All of JPEG1, H.261, H.263, MPEG-1, MPEG-2 and MPEG-4 use an 8x8 2D-DCT/IDCT as part of their image compression methodologies. A short backgrounder to what a 'DCT' is and why it is useful in image compression is now given.
DCT is an acronym for Discrete Cosine Transform, which is the discrete version of the Fourier Cosine Transform. The Fourier Cosine Transform itself is the Real part of the full Complex Fourier Transform. In the digital world, where data has been sampled, it is the Discrete Fourier Transfom (DFT) that finds application, often in the form of the ubiquitous FFT or Fast Fourier Transform. However, whereas the full complex Fourier transform has many uses, for data compression it is not necessary to know the imaginary part (the Fourier Sine Transform).

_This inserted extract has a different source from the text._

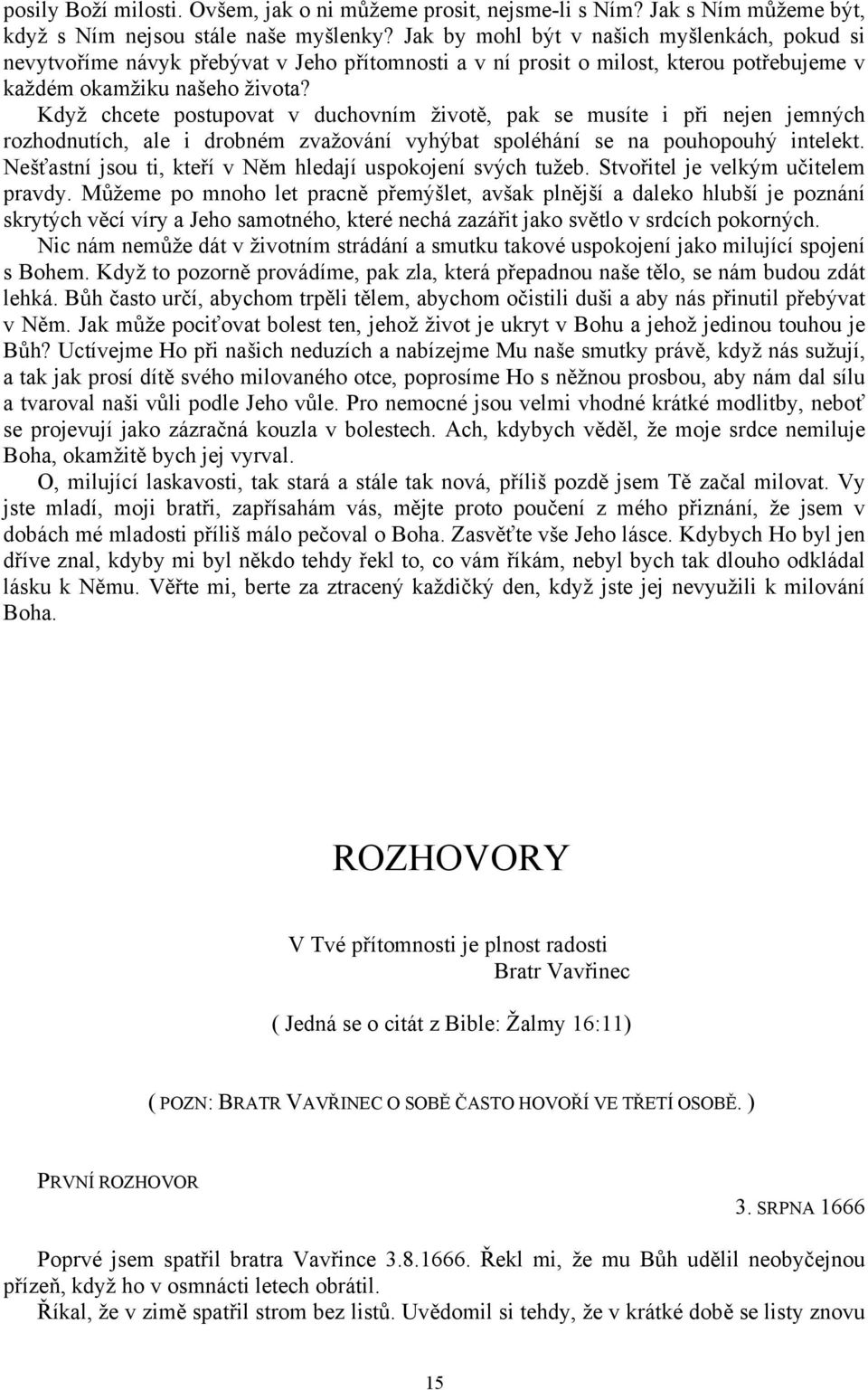 Když chcete postupovat v duchovním životě, pak se musíte i při nejen jemných rozhodnutích, ale i drobném zvažování vyhýbat spoléhání se na pouhopouhý intelekt.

The Discrete Cosine Transform may be used to good effect in the compression of spatially correlated data. This is because the more spatially correlated a given dataset, the fewer cosine waveforms need to be summed in order to represent it to a reasonable degree of accuracy. Therefore many values output from the DCT may be approximated to zero (or are zero within the bounds of quantisation). Compression of such data using standard techniques then becomes straightforward. The non-zero values may also be compressed depending on the frequency of their occurrence.
Image data is normally highly spatially correlated in both the X and Y axis, and therefore a two-dimensional DCT may be used to transform the data before compression techniques are applied.
1 This applies to the original JPEG standard. The later JPEG2000 uses a wavelet transform.